It is based on parboiled2 <http://parboiled2.org>_ -- a Parsing Expression
Grammar (PEG) library. The gnparser project evolved from another PEG-based
scientific names parser --
biodiversity <https://github.com/GlobalNamesArchitecture/biodiversity>_
written in Ruby. Both projects were developed as a part of Global Names Architecture <http://globalnames.org>_.
Many other parsing algorithms for scientific names use regular expressions.
This approach works well for extracting canonical forms in simple cases.
However, for complex scientific names and to parse scientific names into
all semantic elements regular expressions often fail, unable to overcome
the recursive nature of data embedded in names. By contrast, gnparser
is able to deal with the most complex scientific name-strings.

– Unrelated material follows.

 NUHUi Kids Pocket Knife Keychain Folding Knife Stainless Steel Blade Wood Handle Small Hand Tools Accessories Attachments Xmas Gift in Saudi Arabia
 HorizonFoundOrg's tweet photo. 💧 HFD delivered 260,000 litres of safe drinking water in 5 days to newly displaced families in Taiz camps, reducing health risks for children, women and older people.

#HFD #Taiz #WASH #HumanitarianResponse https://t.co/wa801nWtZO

gnparser takes a name-string like
Drosophila (Sophophora) melanogaster Meigen, 1830 and returns parsed
components in
JSON format <http://scala.parser.globalnames.org/?q=Drosophila+%28Sophophora%29+melanogaster+Meigen%2C+1830>.
This parser's behavior is defined in its tests and the test file <https://github.com/GlobalNamesArchitecture/gnparser/blob/master/parser-render/src/test/resources/test_data.txt>
is a good source of information about parser's capabilities, its input and output.
Speed
Millions of names parsed per hour on a i7-4930K CPU (6 cores, 12 threads, at 3.4 GHz), parser v0.3.1
======== ================ Threads Millions/hr ======== ================ 1 29.44 2 50.85 4 90.45 8 120.75 12 130.9 ======== ================
Features
- Fast (~8x faster than
biodiversity gem <https://github.com/GlobalNamesArchitecture/biodiversity>_), rock solid and elegant - Extracts all elements from a name, not only canonical forms
- Works with very complex scientific names, including hybrids
- Can be used directly in any language that can call Java -- Scala, Java, R, Python, Ruby etc.

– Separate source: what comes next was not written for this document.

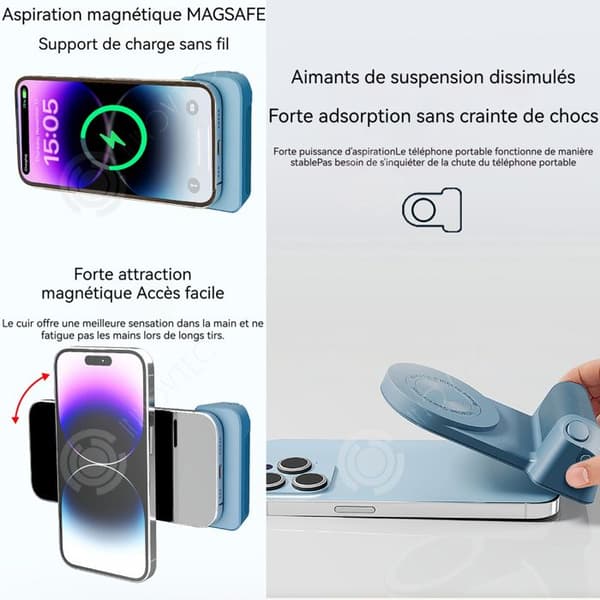 INN Tripodadapter 11,2x8,3cm 3300mAh bluetooth magnetisk tripodadapter objektivstabilisering trådlös laddning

- Can run as a command line application
- Can run as a socket server
- Can run as a web server
- Can be integrated into Apache Spark-based projects
- Can be scaled to many CPUs and computers
- Calculates a stable UUID version 5 ID from the content of a string
Use Cases
Getting the simplest possible canonical form
Canonical forms of a scientific name are the latinized components without
annotations, authors or dates. They are great for matching names despite
alternative spellings. Use the ``canonicalName -> value`` field from parsing
results for this use case.
Getting canonical form with infraspecies ranks
In botany infraspecific ranks play an important role. Use
canonicalName -> valueRanked field to preserve them.
Normalizing name-strings
There are many inconsistencies in how scientific names may be written.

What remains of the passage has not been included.